= Exercise prompt =
From the data below, return only the lines from the one with "new mom drinking" through the one with "A man embraces", exact and inclusive, with pictures left out.

= Study material =
==*==
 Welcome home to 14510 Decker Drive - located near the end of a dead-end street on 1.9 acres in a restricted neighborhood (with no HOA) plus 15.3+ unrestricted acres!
==*==
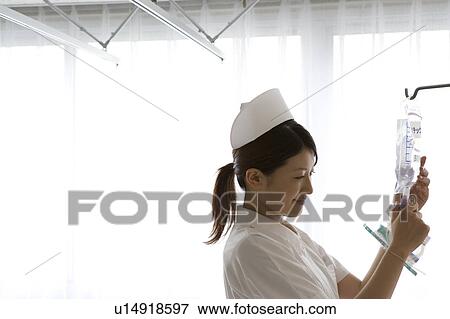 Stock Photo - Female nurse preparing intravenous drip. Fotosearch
==*==
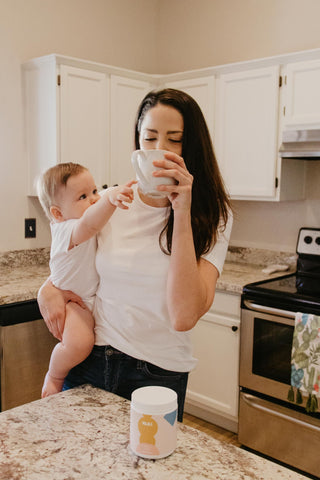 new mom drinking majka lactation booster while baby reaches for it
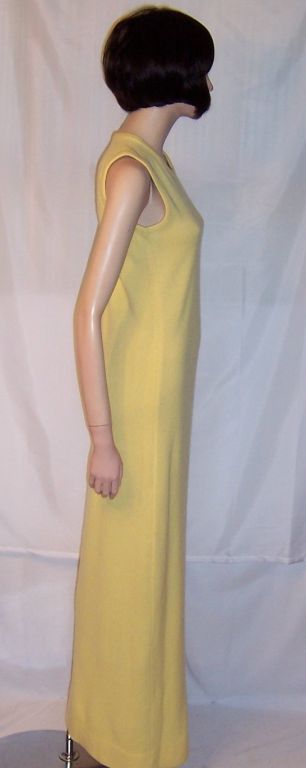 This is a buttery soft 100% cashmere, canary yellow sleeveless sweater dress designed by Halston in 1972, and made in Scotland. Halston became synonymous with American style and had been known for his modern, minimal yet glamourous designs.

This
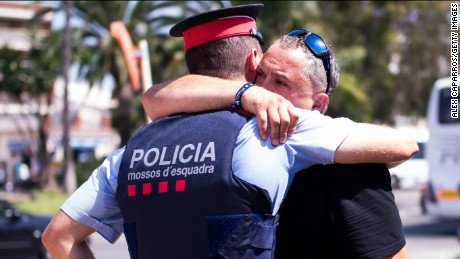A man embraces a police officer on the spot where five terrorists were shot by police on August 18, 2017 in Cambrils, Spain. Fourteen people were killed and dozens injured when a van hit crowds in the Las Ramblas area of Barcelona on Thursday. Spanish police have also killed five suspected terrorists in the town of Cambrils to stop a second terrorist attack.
==*==
= Task response =
 new mom drinking majka lactation booster while baby reaches for it
 This is a buttery soft 100% cashmere, canary yellow sleeveless sweater dress designed by Halston in 1972, and made in Scotland. Halston became synonymous with American style and had been known for his modern, minimal yet glamourous designs.

This
A man embraces a police officer on the spot where five terrorists were shot by police on August 18, 2017 in Cambrils, Spain. Fourteen people were killed and dozens injured when a van hit crowds in the Las Ramblas area of Barcelona on Thursday. Spanish police have also killed five suspected terrorists in the town of Cambrils to stop a second terrorist attack.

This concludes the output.